From Mohamed Bashir, originally posted November 17, 2012: What is the guideline for thrombophilia testing, how to test antithrombin (AT, antithrombin III, ATIII), protein C (PC), and protein S (PS).
Hello, Dr. Mohamed Bashir, and thank you for your question. You may find a complete review of thrombosis risk testing in our audio modules 14, 15, and 16, Laboratory Detection of Thrombosis Risk 1, 2, and 3. If you will pardon my self-promotion, you may also find this information in Marques MB, Fritsma GA. Quick Guide to Coagulation Testing 2nd Edition, AACC Press, 2009, or Fritsma GA. Thrombosis Risk Testing in Rodak BF, Fritsma GA, Keohane EM. Hematology; Clinical Principles and Applications 4th Edition, Elsevier, 2012.
Here is a brief summary:
- Thrombophilia profiles are developed locally to meet population needs, however most include AT, PC, and PS activity, activated protein C resistance (APCR), prothrombin G20120A mutation, and lupus anticoagulant (LA) testing.

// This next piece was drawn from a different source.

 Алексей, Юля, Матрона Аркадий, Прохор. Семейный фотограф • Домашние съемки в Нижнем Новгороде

Some laboratory directors include anti-cardiolipin antibody (ACA), anti-beta-2-glycoprotein 1, fasting homocysteine, and coagulation factor VIII.

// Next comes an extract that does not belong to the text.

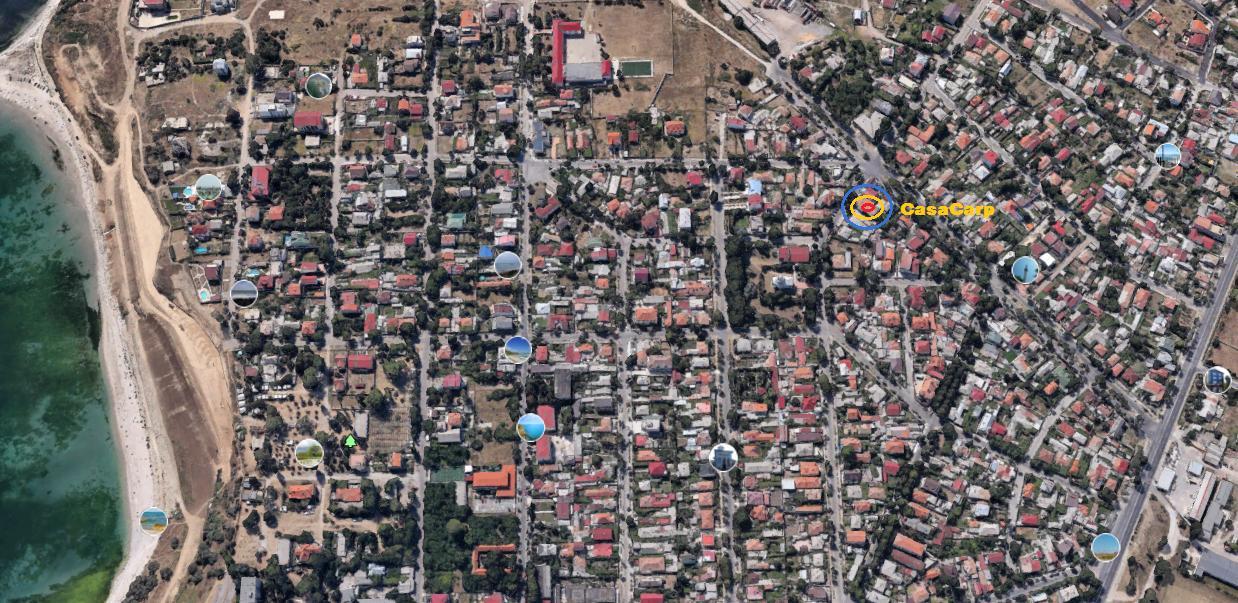 Vila Casacarp Eforie Sud  Εξωτερικό φωτογραφία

- If the patient has experienced a recent thrombotic event or is currently receiving Coumadin, the tests that remain reliable are the factor V Leiden (FVL) mutation, which substitutes for the APCR, prothrombin G20210A, ACA, anti-beta-2-glycoprotein 1, and fasting homocysteine. The AT, PC, PS, APCR, and LA are reliable only when the subject is not receiving Coumadin and has not had a recent thrombotic event.

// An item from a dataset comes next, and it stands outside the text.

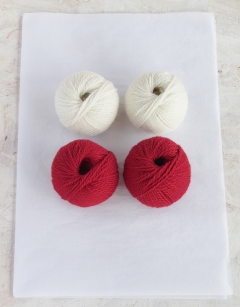 Crocheted Christmas Baubles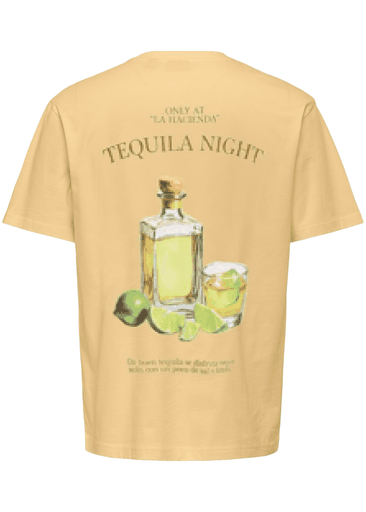 FRED LIFE RLX SS PRINT TEE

- Owing to the false positive rates of most assays, laboratory directors avoid screening healthy individuals. Thrombophilia profiles are chosen for patients who have experienced an unprovoked thrombotic event, an event in an unusual location or before age 60, or who have first-degree relatives with presumed thrombotic risk factors. A positive APCR ratio is confirmed using the FVL mutation, and low AT, PC, or PS values are repeated after 12 weeks for confirmation. Low AT, PC, and PS activity assays are then followed up using AT, PC, and PS antigen assays to distinguish qualitative from quantitative deficiencies.
I hope this is helpful. and I encourage your response in our comments section as well as comments from others whose perspectives on thrombophilia profiles may differ from these.